A. Charles Branch, Ashtech Inc.: Simple answer: Maybe.
      More complete answer: This wont yield the accuracies of more sophisticated methods of differential correction. Also, if using this method, you really should calculate both base and rover positions using the same GPS satellites at the same time. This is hard to do. If you dont do this, your corrections will be unpredictable and could fail to improve accuracy at all. You could get 5 meters of accuracy or you could get 100 meters. You may be more satisfied buying a software solution from a GPS manufacturer. Its up to you.
      What you are describing is called solution space differential correction. It is conceptually simple and so was among the first methods of differential correction offered by GPS manufacturers. You measure the difference between the base receivers known location and its GPS-derived location, record it as a vector (range and azimuth), time-tag it and subtract it from the position derived by the rover receiver at the same time. The problems are that under SA, GPS errors average some 40 meters and can change as rapidly as a few meters per second.

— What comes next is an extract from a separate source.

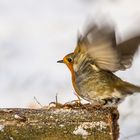 Abflug - der Rotkehlchen Linie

This and the same satellite, same time issue make solution space differential correction a comparatively poor performer.
      What many GPS manufacturers recognized a few years ago was that they could yield much better accuracy for about the same amount of trouble using a different technique called measurement space differential correction. This is what you are getting when you buy a GPS mapping system from most GPS companies today. You should be able to get submeter accuracy quite reliably.
      However, if you want to try for 5 or so meters of accuracy by writing your own program and locking in both the base and rover receivers to the same satellites, go right ahead. One helpful hint: think 3D when calculating errors at the base and when removing them from the rover. Even if you are only interested in lat/long, taking elevation into account will improve your accuracy.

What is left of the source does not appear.